Even though all three objects have the same contents in the sense that the values of the arrays [1,2,3] are the same, they produce different hash values! This is due to the fact that the creation of the array [1,2,3] happens on stack memory. So whenever we type [1,2,3] a new array is created at some different part of the memory that is available to Julia.

If wanted, we can circumvent this by first creating an array, and afterwards create two objects with that array as the argument:

a = [1,2,3]
s4 = SS1(a)
s5 = SS1(a)

display(hash(s4))
display(hash(s5))

0x28b7944f191a2ce5

0x28b7944f191a2ce5

We see that the hash value for both s4 and s5 is the same, and Julia cannot differentiate those two objects at all. Therefore, we could use either to access a dictionary:

test_dict2 = Dict(s4 => "I am s4")
test_dict2[s5]

"I am s4"

3.3 Moving On To Scenes

Returning back to where we left off before the intermission. There, we created a dictionary that maps our swin1 object of type SpectralWindow onto the Lambertian surface that we also created beforehand.

surf_dict = Dict(swin1 => surf)

Dict{SpectralWindow{Float64}, LambertianPolynomialSurface{Float64}} with 1 entry:
  SpectralWindow: O2A => LambertianPolynomialSurface{Float64}(SpectralWindow: O…

We now understand how surf_dict can be used to access the surf object via swin1. Spectral windows in RetrievalToolbox have arrays in them, so even if we have two separate windows that happen to have the same properties, our swin1 object has a unique hash.

We still need a few objects before we can create our scene. Next is the observer. We have to define what type of observation we want to connect to this scene - this is (for now) mostly for the purposes of radiative transfer computations which produce different outputs, depending on the observer type.

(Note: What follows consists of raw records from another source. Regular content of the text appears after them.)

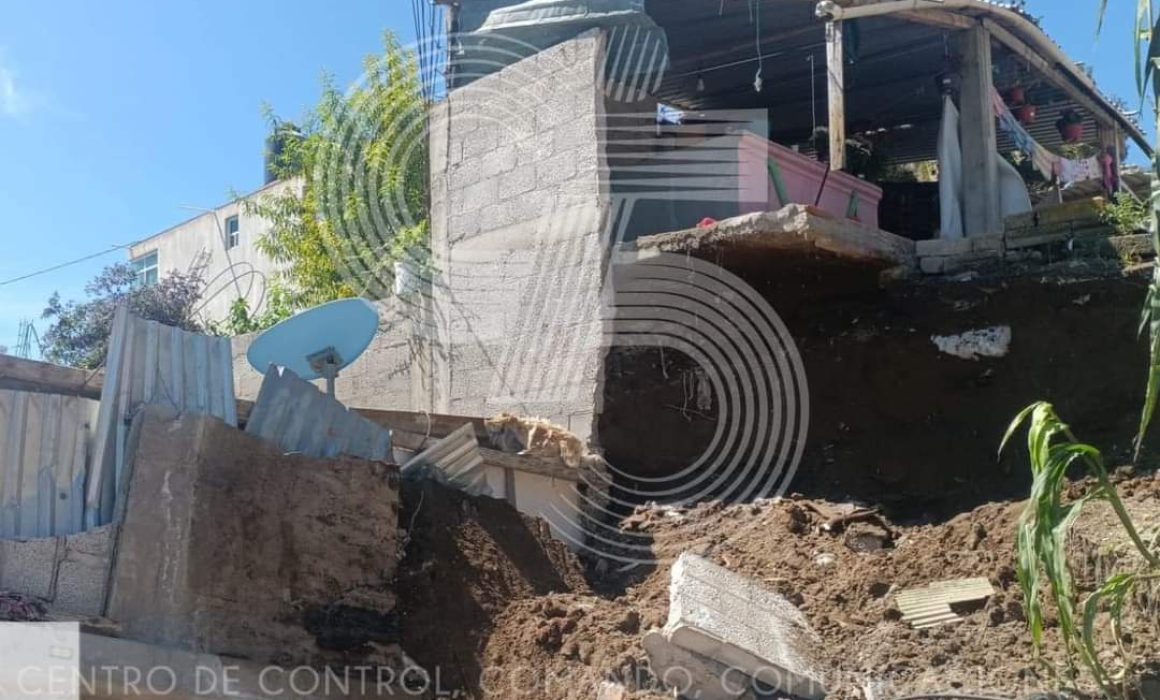 Derrumba barda de vivienda en Tepetitla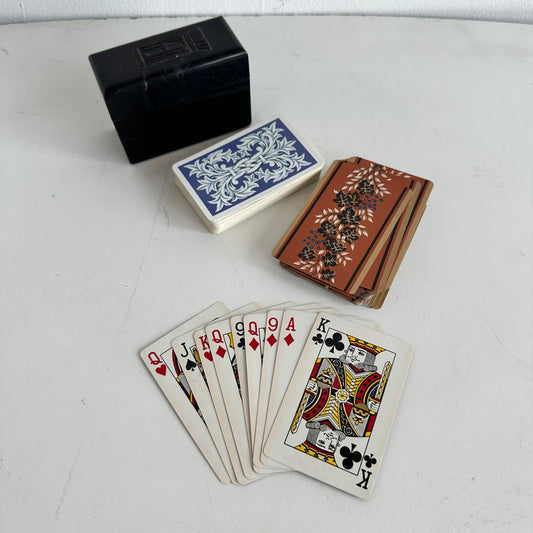 GT004 DOUBLE SET OF FLORAL PLAYING CARDS
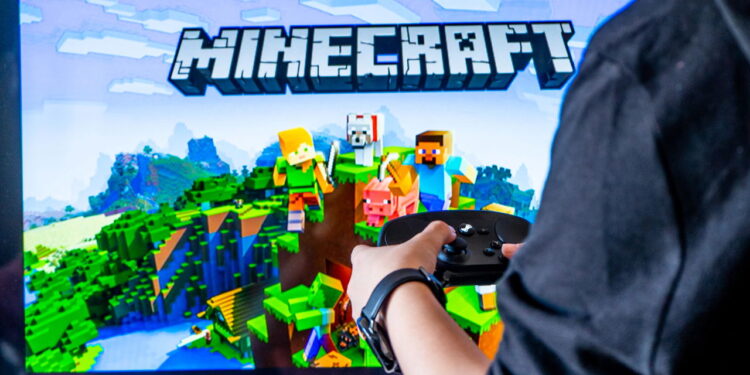 O filme de Minecraft saiu, mas agradou os fãs?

If we want to use measurements from a space-based instrument, we can use the SatelliteObserver type:

observer = RE.SatelliteObserver(
    1.0, # Viewing zenith
    110.0, # Viewing azimuth
    zeros(3), # Satellite velocity
    zeros(3) # Satellite position
)

SatelliteObserver{Float64, Float64}(1.0, 110.0, [0.0, 0.0, 0.0], [0.0, 0.0, 0.0])

We fill these in with some plausible values. Note that the satellite velocity and satellite position fields are currently unused, so we can safely fill them with zeros. Here we also want to point users the RetrievalToolbox documentation about the problematic ambiguities regarding angular units: [link to RetrievalToolbox doc]. All angular units, such as zenith and azimuth angles, should be entered as degrees without any Unitful units attached to them as to avoid any implicit unwanted unit conversions between degrees and radians.

Warning

Be aware of implicit angular unit conversions when using Unitful degree units!

The next required object is a location, and for this exercise we opt for an EarthLocation type, which describes the position on Earth at which the instrument points. Currently, these Earth locations are considered to be point-like, meaning that they do not have any spatial extent. This notion is consistent with the utilized 1-dimensional radiative transfer, so any location represents some idea of a mean atmospheric and surface state of the area covered by the field-of-view of the ground footprint.

location = RE.EarthLocation(
    16.3713,
    48.2081,
    200.0,
    u"m"
)

EarthLocation
Longitude: 16.3713
Latitude:  48.2081
Altitude:  200.0 m

The last separate object needed is a simple DateTime, which is an object type that is part of the Julia standard library to represent a time. It requires loading in a module first, however:

using Dates
time = DateTime("2025-02-19T13:00:00")

2025-02-19T13:00:00

Again, we picked an arbitrary date. So far, the only function which needs this particular data (EarthScene.time) is a function that can calculate the solar Doppler shift between the sun and the Earth location (if explicitly needed).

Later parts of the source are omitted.